How to parse html in java?

Question

How to parse html in java?

You need to parse the web page and extract the path to the image from it. I can't figure out the HTML Parser class in any way. I need an example - I can't find it in the net.

9

English java html

Author: titov_andrei, 2011-03-21

Source

6 answers

Try jsoup. I really liked it.

3

Author: glook, 2011-08-30 16:13:18

For simple cases, you can use the standard Java API. For example, you can get the file via HttpURLConnection and find it using regular expressions.

2

Author: yozh, 2011-03-21 08:17:45

Jsoup: Java HTML Parser:

Document doc = Jsoup.connect("http://en.wikipedia.org/").get();
Elements newsHeadlines = doc.select("#mp-itn b a");

2

Author: rododendron, 2015-04-02 19:55:39

You can use the standard Java tools. Why use an additional lib to extract the path to the image?

If you need to do it once, you can use DOM and XPath. If you need to process a bunch of large documents, it is better to use SAX. Once you spend time parsing these methods, you will never again know problems with parsing not only HTML, but also any XML documents.
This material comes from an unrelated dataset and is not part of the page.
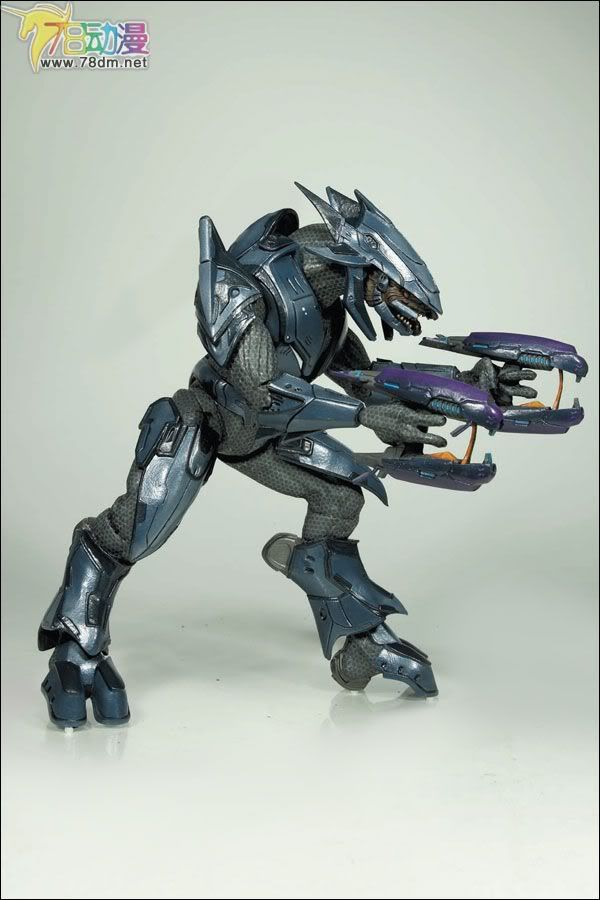 麦克法兰系列玩具 游戏与动画系列 光环3 第三代 多人连线 ELITE COMBAT (BLUE)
Using the same regular expressions for parsing HTML is not a good practice-simply because of the flexibility and optional nature of the HTML syntax.

0

Author: Александр Князев, 2011-03-21 09:22:39

Look at this. A fairly simple principle of operation, supports invalid pages. There is a collection of objects that are mapped to tags. Very convenient. If you have any questions, please ask.

0

Author: keebraa, 2011-04-01 07:41:37

score 11 · Accepted Answer

And what's so difficult?

They have the most ordinary documentation in JavaDoc. But even there, you can find almost everything you need. For example:

Typical usage of the parser is:

Parser parser = new Parser ("http://whatever");
NodeList list = parser.parse (null);
// do something with your list of nodes.

And then watch some more:

NodeList parse(NodeFilter filter)

NodeFilter -> here

Everything, in my opinion, is too simple.

Not to mention

Bin/parser http://website_url [tag_name] where tag_name is an optional tag name to be used as a filter, i.e. A - Show only the link tags extracted from the document IMG - Show only the image tags extracted from the document TITLE - Extract the title from the document NOTE: this is also the default program for the htmlparser.jar, so the above could be: java -jar lib/htmlparser.jar http://website_url [tag_name]

UPD:

public static void main(String[] args) {
    try {
        Parser parser = new Parser("http://www.alliance-bags.ru/catalog.php?tov=576");
        parser.setEncoding("windows-1251");

        NodeFilter atrb1 = new TagNameFilter("IMG");
        NodeList nodeList = parser.parse(atrb1);

        for(int i=0; i<nodeList.size(); i++) {
            Node node = nodeList.elementAt(i);
            System.out.println(node.toHtml());
        }

    } catch (ParserException e) {
        e.printStackTrace();
    }
}